手をつなぎ楽しそうに歩く親子を見ながら思い出すのは、今から数年前に経験した、生後4カ月になったばかりのわが子の保育園への入園だ。まだ寝返りもままならないふにゃふにゃとした息子の入園が決まり「よっしゃ! 保活を勝ち抜いた!」とガッツポーズをしたのもつかの間、いざ預けるとなったら寂しくて寂しくてたまらない。

この世に産み落とされてたった4カ月のかわいいわが子が、一日のほとんどの時間を家族ではない誰かと過ごすなんて。一方のわたしはパソコンを開いてカタカタと仕事。えっ、仕事って、子供よりも大事なことなんでしたっけ……?
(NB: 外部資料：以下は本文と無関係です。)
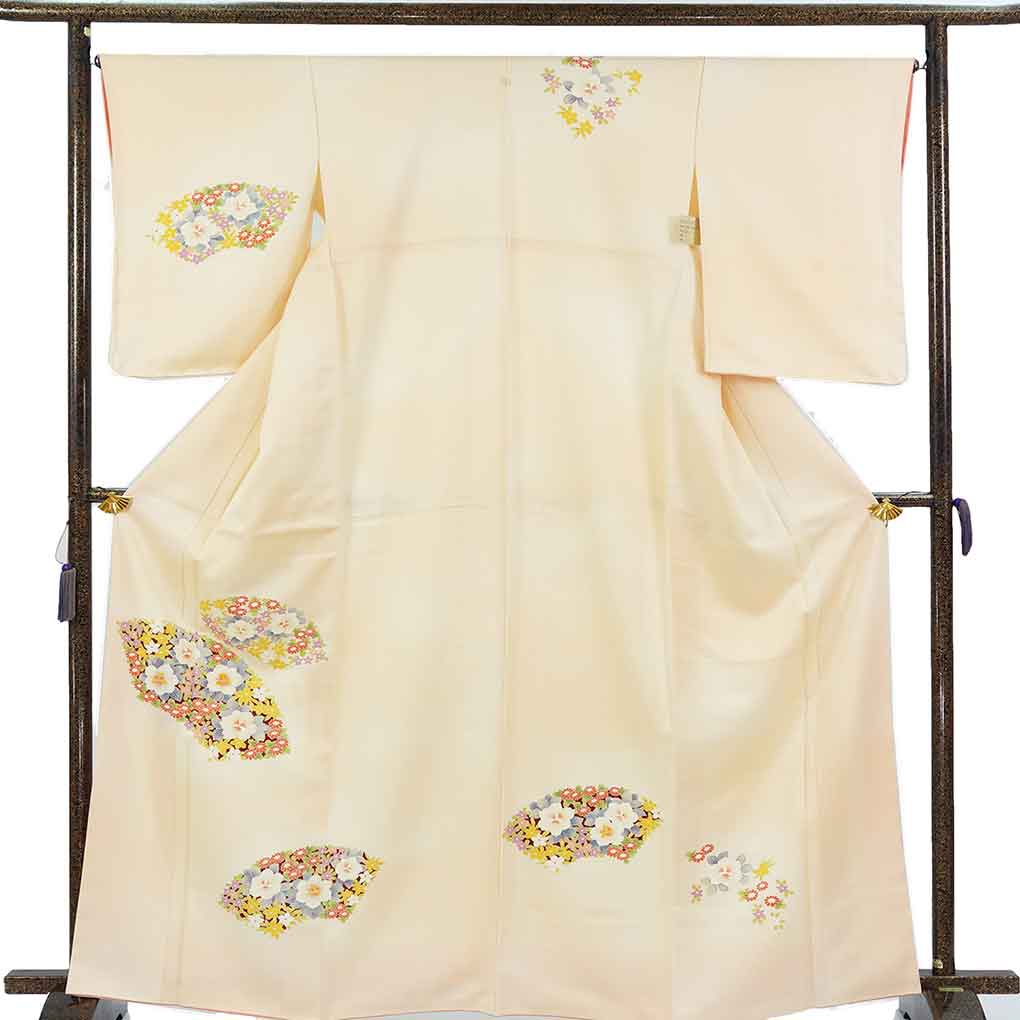 紬 リサイクル着物 身丈165cm 裄65cm 前幅26cm 後幅30cm 袖丈56cm 袖幅33cm レディース 袷 花柄 裄Mサイズ 秋冬春用 正絹（シルク）オレンジ トールサイズ 未使用品 リメイク リユース【ランクS】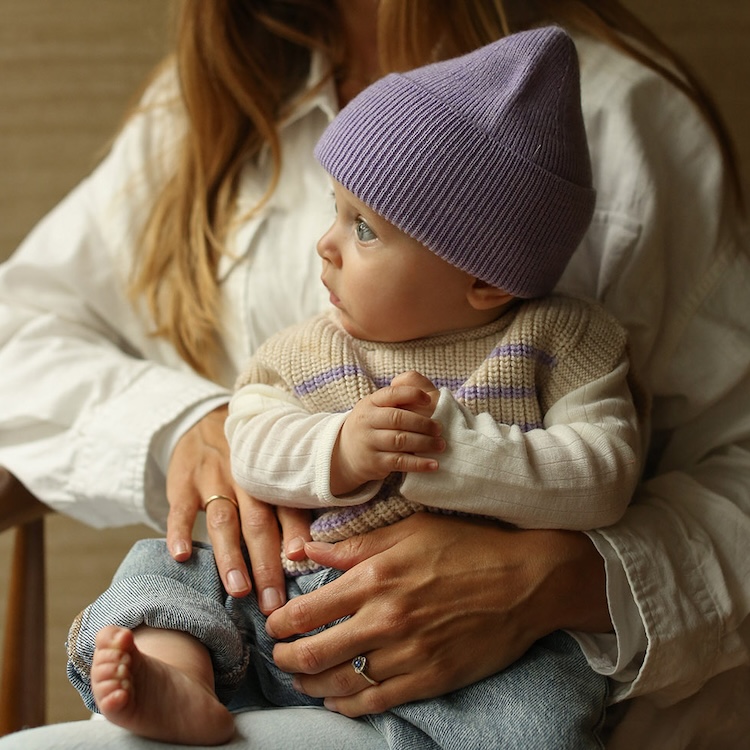 Hvid baby beanie fonzie newborn lilac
かつての悩みを書いたnoteは、息子が間もなく5歳を迎える今でも感想コメントが寄せられている。小さなわが子を保育園に預ける寂しさと、それでも働かないわけにはいかない現実の葛藤。子供に対して申し訳ないと罪悪感を抱くこともあったけれど、それはある一つの考え方によって、次第にポジティブに昇華されていった。どうか今年も、不安に押しつぶされそうになっている誰かに届いてほしい。

保育園受かった! けど、どうしよう?

「どうしよう?」なんて言ってみたけれど、頼れる親族が近くに住んでいないことに加えて、育休制度のない自営業のパートナーと私は、ともに働かなければ収入がない。保育園なりベビーシッターなり、託児サービスなしの子育ては考えられなかった。

だけどいざ保育園に入ることが決まったら、それまで妊娠期間も含めて一心同体だったわが子を見知らぬ環境に託すなんて、という不安に襲われた。仕事が大好きだったし、産休を取っていた妊娠後期は「早く復帰したい!」なんて気持ちもあったのに、いざ赤ちゃんの顔を目にしたら。毎日目まぐるしく成長する子供のそばにいたら。自分のためか子供のためか、とにかく「わが子のそばにいてあげたい」というピュアな気持ちがむくむくと芽生えたのだった。

保育園に入るまであと2週間、あと5日、あと1日……。

心の中でカウントダウンをしながら、昼下がりに赤ちゃんを抱っこしたままソファでうたた寝するのもあと何回……と切ない気持ちになった。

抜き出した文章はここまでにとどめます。